───── Input data

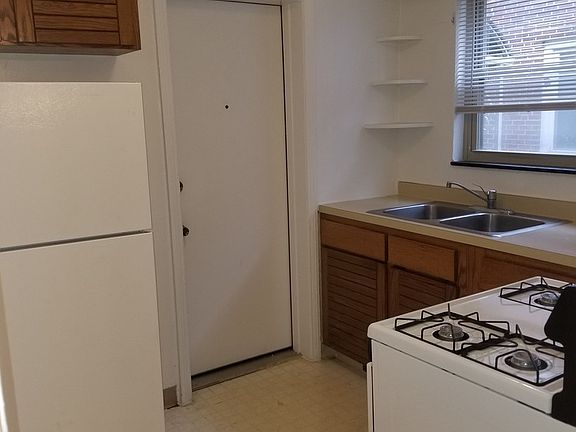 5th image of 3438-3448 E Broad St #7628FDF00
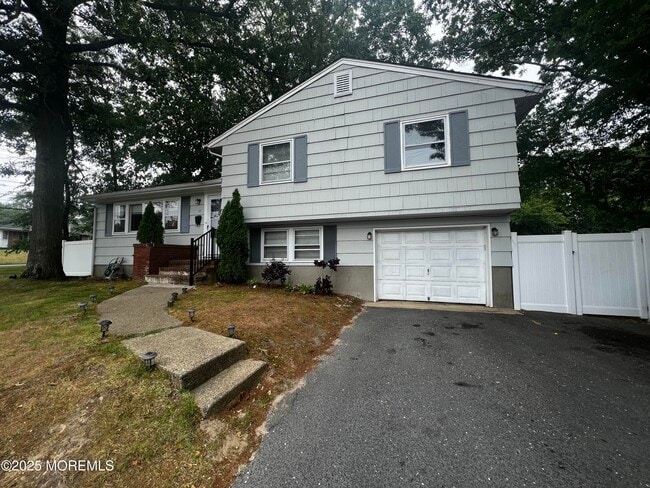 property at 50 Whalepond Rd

──────────
───── Input data

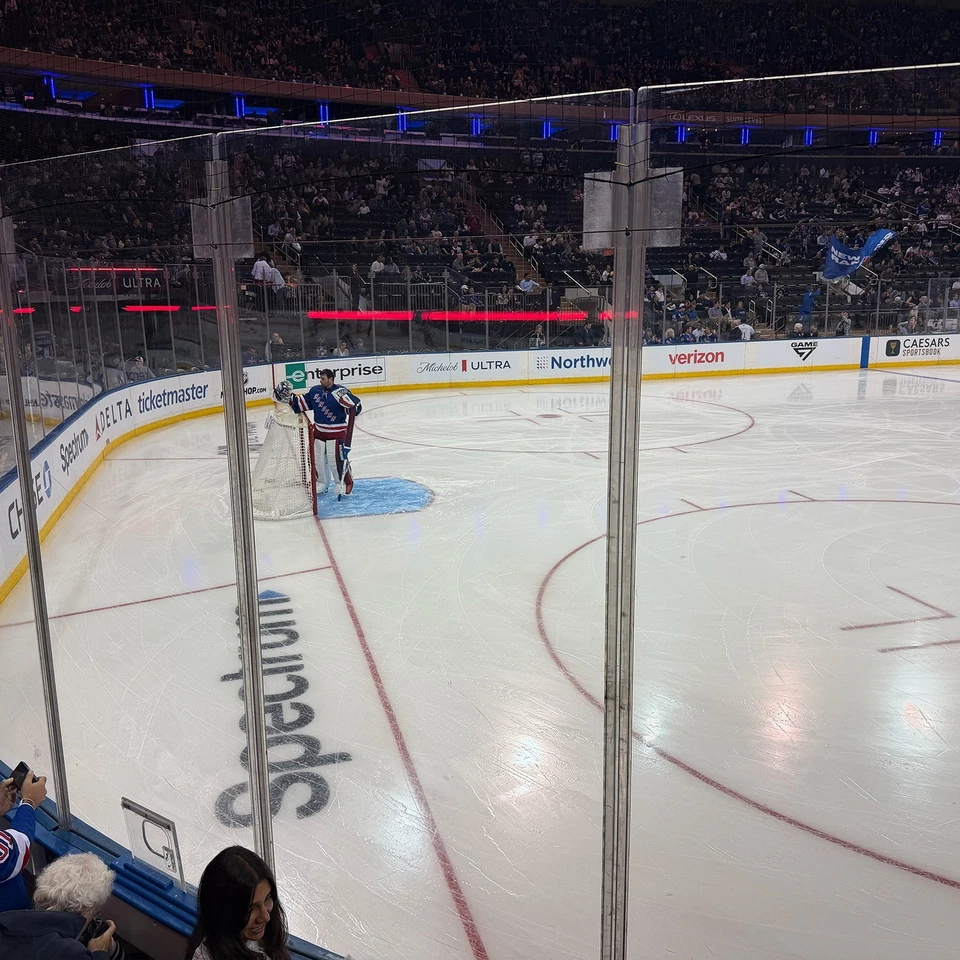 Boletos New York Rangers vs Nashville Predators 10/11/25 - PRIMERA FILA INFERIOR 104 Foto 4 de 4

──────────

• **What is being asked**: Look above for the line with "5th image of 3438-3448 E Broad St #7628FDF00" and the line with "property at 50 Whalepond Rd". Give again exactly those two lines and all lines between them, pictures excluded.

• **Solution to the exercise**:
 5th image of 3438-3448 E Broad St #7628FDF00
 property at 50 Whalepond Rd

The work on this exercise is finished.